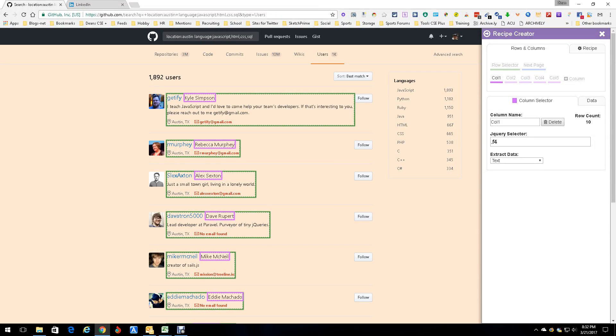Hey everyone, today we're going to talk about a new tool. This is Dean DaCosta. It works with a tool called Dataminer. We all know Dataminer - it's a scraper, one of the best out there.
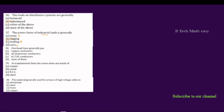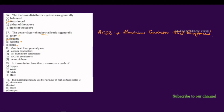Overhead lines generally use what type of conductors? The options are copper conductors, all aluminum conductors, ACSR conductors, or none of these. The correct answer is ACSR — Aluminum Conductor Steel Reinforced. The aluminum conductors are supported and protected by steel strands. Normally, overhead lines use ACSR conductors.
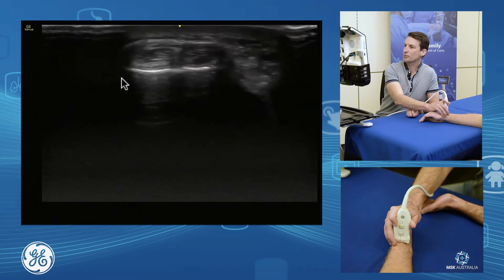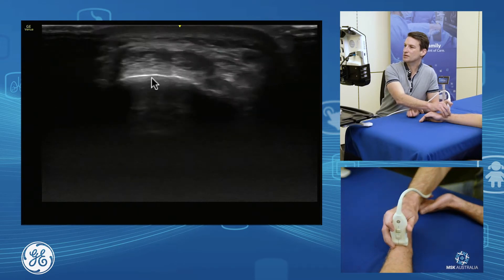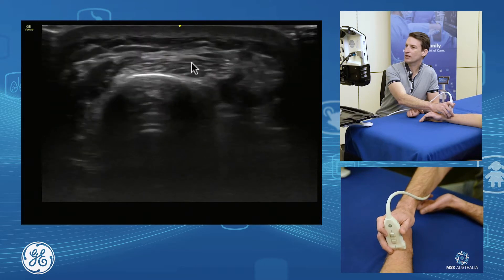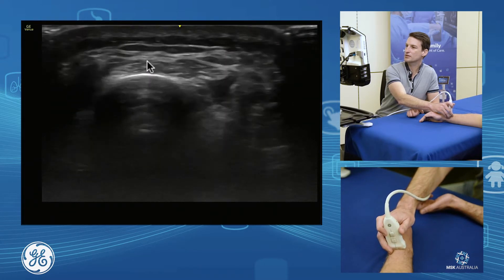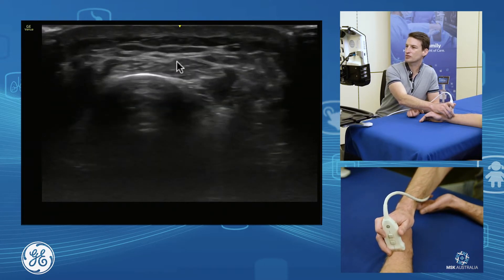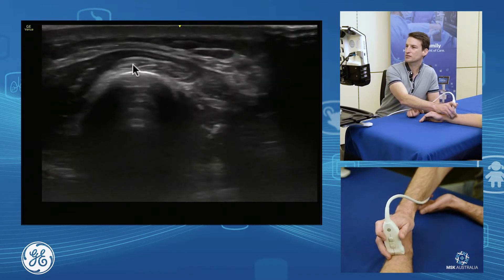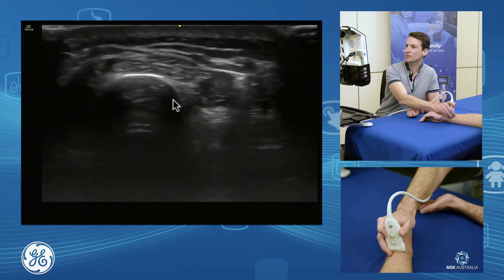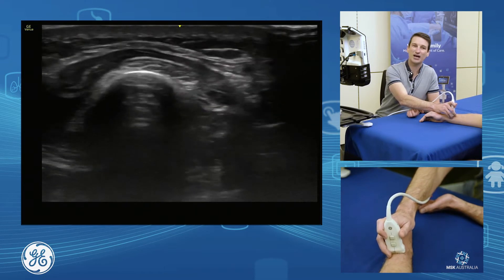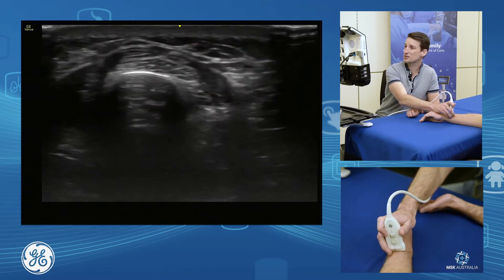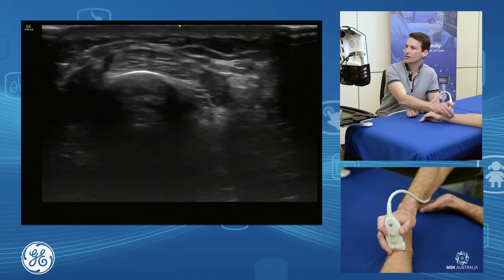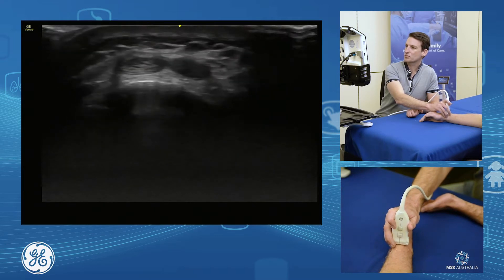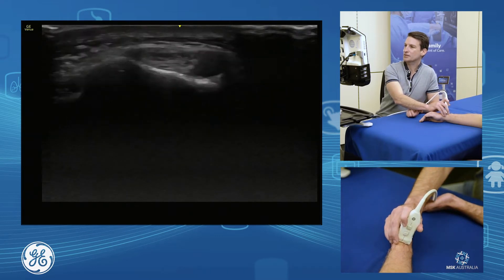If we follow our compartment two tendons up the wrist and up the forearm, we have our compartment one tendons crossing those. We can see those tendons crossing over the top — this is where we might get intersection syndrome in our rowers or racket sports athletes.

__________________________________________________

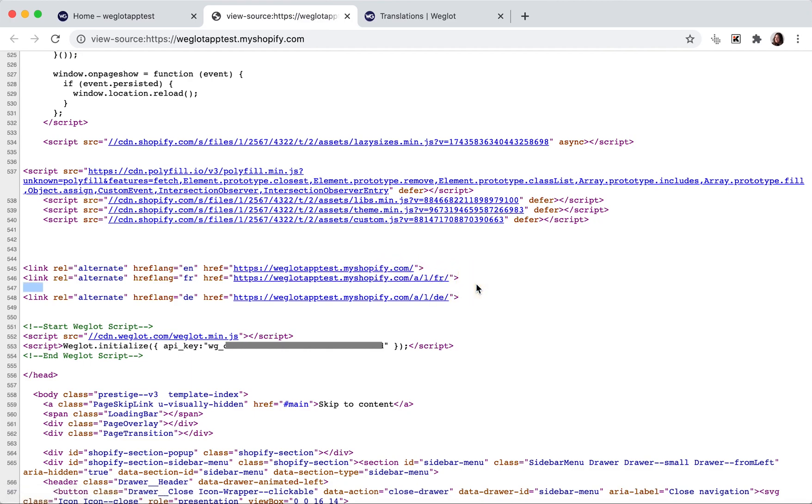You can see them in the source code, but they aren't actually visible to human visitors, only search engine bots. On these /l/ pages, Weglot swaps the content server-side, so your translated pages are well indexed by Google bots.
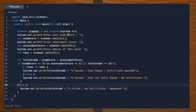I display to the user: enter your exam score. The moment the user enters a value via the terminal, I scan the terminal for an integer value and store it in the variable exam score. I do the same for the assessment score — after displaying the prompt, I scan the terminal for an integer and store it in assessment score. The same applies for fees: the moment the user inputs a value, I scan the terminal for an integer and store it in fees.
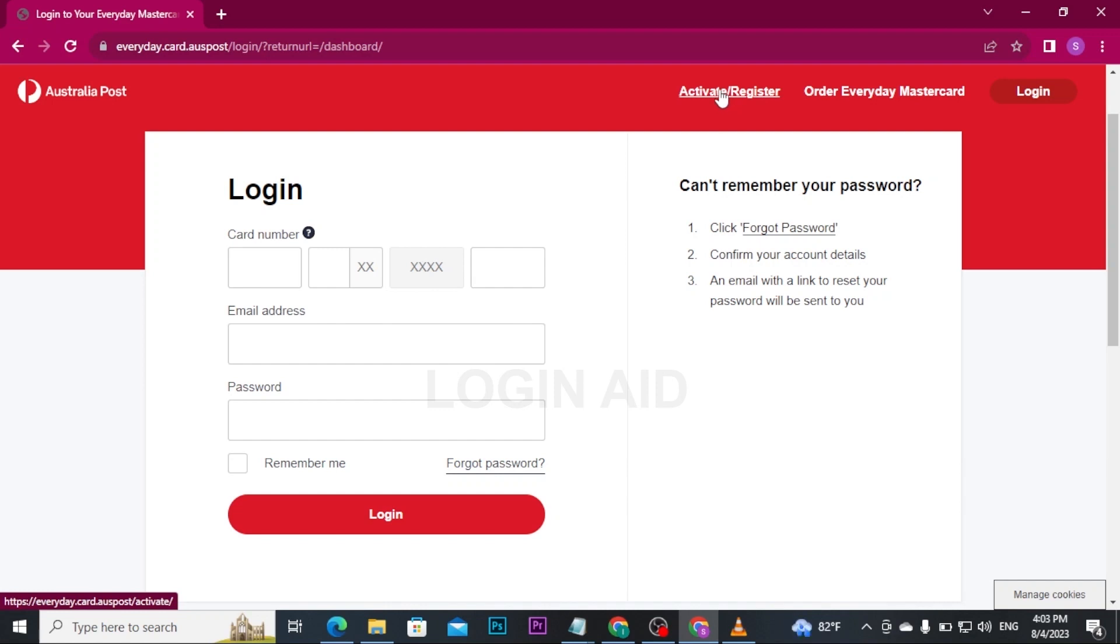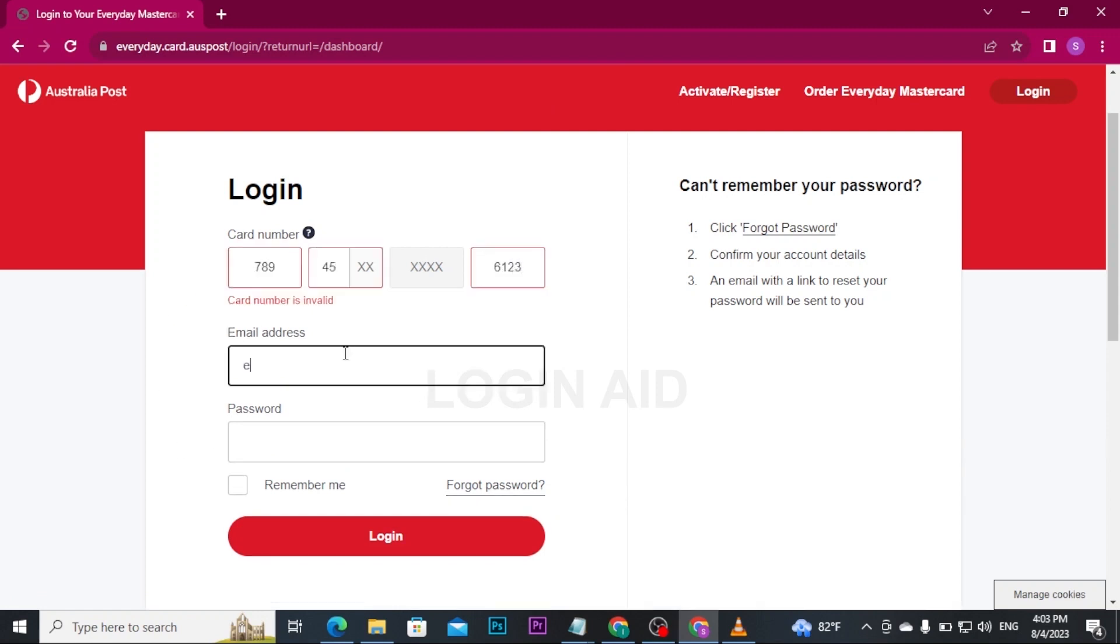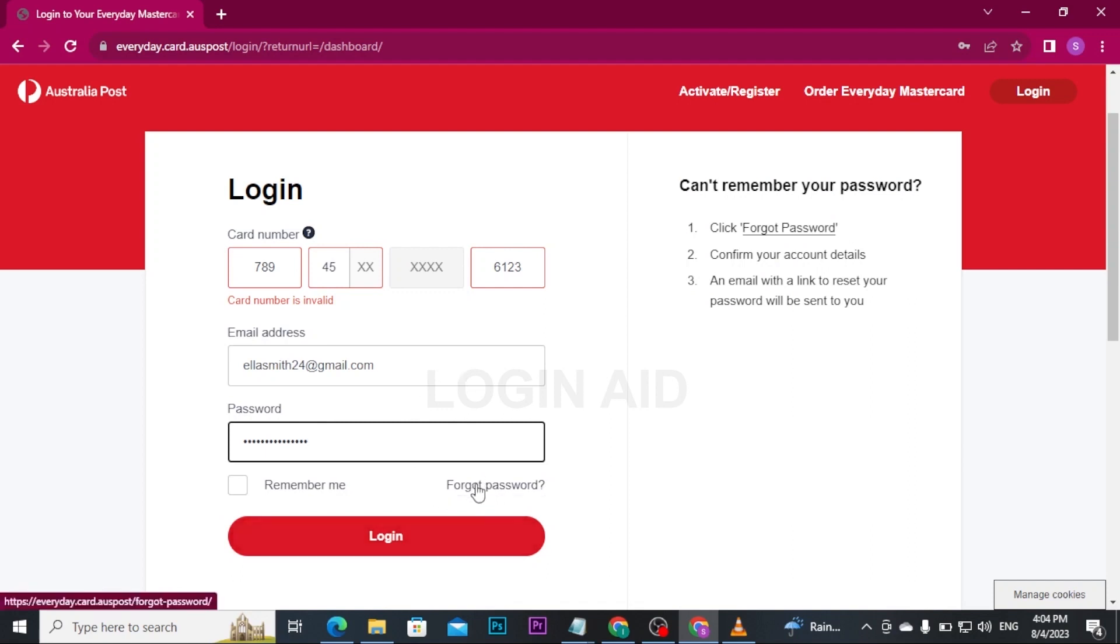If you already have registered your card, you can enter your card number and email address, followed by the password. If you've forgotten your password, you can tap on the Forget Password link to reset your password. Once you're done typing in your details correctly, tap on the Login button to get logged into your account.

__________________________________________________

**WHAT THIS TASK INVOLVES**: Above is the material; set down exactly its lines from the one containing "Hey everyone, today" down to the one containing "Overhead lines generally", both included, leaving out any pictures.

**ANSWER BOX**:
Hey everyone, today we're going to talk about a new tool. This is Dean DaCosta. It works with a tool called Dataminer. We all know Dataminer - it's a scraper, one of the best out there.
Overhead lines generally use what type of conductors? The options are copper conductors, all aluminum conductors, ACSR conductors, or none of these. The correct answer is ACSR — Aluminum Conductor Steel Reinforced. The aluminum conductors are supported and protected by steel strands. Normally, overhead lines use ACSR conductors.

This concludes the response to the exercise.